The ONIX standard allows for numeric classification and topical headings. Although the EPICS data dictionary allows tagging specific schemes, including LCSH, Dewey, and LCC, the Wiley example does not include these fields. Publishers may opt to use the BIC subject list ( http://www.bic.org.uk/subcat.doc), which is substantially shorter than LCSH (111 pages vs. 4 thick volumes). If LCSH has been used, libraries would want to retain them. If the BIC list or local publisher subjects, it is assumed these would map to a 69x or 653 field. Many libraries have set up their local import tables to remove 69x upon record importation.

Descriptive fields

As noted above, some information associated with the access fields are added to the note fields. Edition, language, extent of item, audience, publisher place name and date can be mapped into appropriate MARC21 fields. Although the weight of the book has not been mapped into MARC, the width and thickness as well as the height are mapped into $c in the 300 field. Since this information is rarely used for mass-marketed titles, it is surprising that this information has been retained. It leaves the burden on the cataloging community to update the field. Codes will need to be converted, as in the case of audience, supporting text in order to map to and display in the appropriate field. The ONIX metadata permits links to image/audio/video files. The links have been mapped to the 856 field $u and the various codes being translated into a phrase in the $3 or $z. Since most libraries do not retain the book jackets, this might be interesting to some of the patrons. Another valuable source of information is information about any prizes the title has won (586 field). This can help the library collection developer and the patron evaluate the appropriateness of the work. Normally, this information is reserved for the belles letters.

Summary

Bob Pearson’s record builder can convert ONIX records into MARC21 records. However, the success of using records based on the ONIX standard hinges on the mapping of the fields from ONIX to MARC21, the ability of the utilities to filter out administrative fields, selectively filter out descriptive information, e.g., the weight of a book, and to match access points with authorized headings in the National Authority file and convert them to the authorized form. It may be advisable to tag the records as “k” so that libraries can update the publisher’s record in OCLC so that all libraries can share in the upgrading of the record.

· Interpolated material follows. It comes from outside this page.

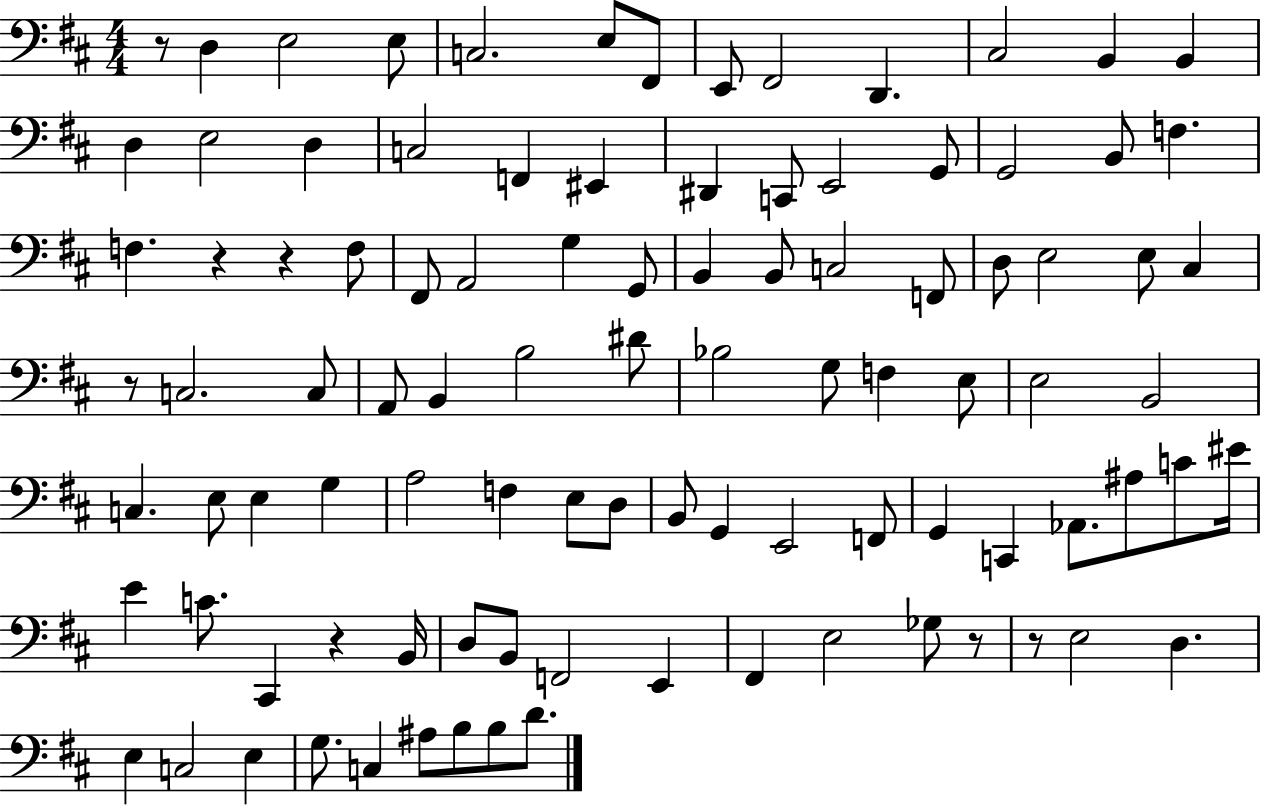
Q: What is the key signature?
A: D major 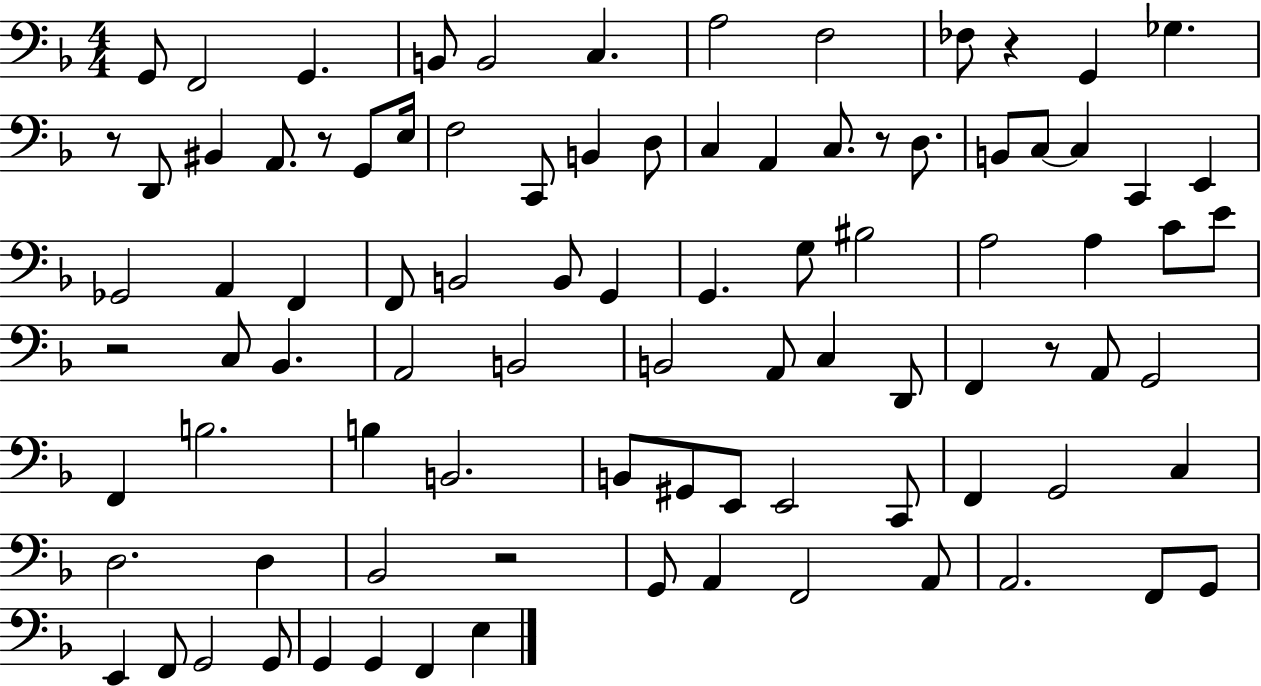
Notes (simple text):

G2/e F2/h G2/q. B2/e B2/h C3/q. A3/h F3/h FES3/e R/q G2/q Gb3/q. R/e D2/e BIS2/q A2/e. R/e G2/e E3/s F3/h C2/e B2/q D3/e C3/q A2/q C3/e. R/e D3/e. B2/e C3/e C3/q C2/q E2/q Gb2/h A2/q F2/q F2/e B2/h B2/e G2/q G2/q. G3/e BIS3/h A3/h A3/q C4/e E4/e R/h C3/e Bb2/q. A2/h B2/h B2/h A2/e C3/q D2/e F2/q R/e A2/e G2/h F2/q B3/h. B3/q B2/h. B2/e G#2/e E2/e E2/h C2/e F2/q G2/h C3/q D3/h. D3/q Bb2/h R/h G2/e A2/q F2/h A2/e A2/h. F2/e G2/e E2/q F2/e G2/h G2/e G2/q G2/q F2/q E3/q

Charge 4: Preparing rule revision proposals and discussion papers as needed

At this time, the task force does not recommend any rule revisions or discussion papers regarding ONIX International. Due to the current and active involvement of the Library of Congress and OCLC with this metadata standard, and the development of metadata crosswalks between ONIX and MARC, the task force feels that no further action is required.


Charge 5: Monitoring of projects and activities that use ONIX International

Since the task force was formed in January 2001, we have been monitoring projects and activities that use ONIX International. We have done this primarily by monitoring the ONIX_IMPLEMENT electronic discussion group and other relevant electronic discussion groups, and by reading the announcements, meeting notes, etc. published on the Web sites of the sponsoring organizations listed under Charge 7.4 in this report[note 2].

Projects, standards, etc.

The American Association of Publishers (AAP) in the U.S., the Publishers Association/Booksellers Association Supply Chain Project, Book Industry Communication (BIC) in the UK, and EDItEUR (internationally) are the collaborators behind ONIX International, the international standard for representing and communicating book core content. More information about these organizations can be found in the sources listed under Charge 7.4 in this report, or online at http://www2.hawaii.edu/~chopey/ONIXTFCharge7.4.htm

The International DOI Foundation (IDF) is also participating in ONIX efforts. “We are working on a DOI Genre for ebooks, developed in association with EDItEUR/ONIX,” reported Norman Paskin, director of IDF and NISO director. “The primary goal of this work is to define the kernel metadata for a DOI ebook genre,” said Paskin. “An important secondary goal is to define extensions to the EPICS Data Dictionary, and to the ONIX International standard for book trade product information. This would enable ONIX to handle e-books.”[note 3]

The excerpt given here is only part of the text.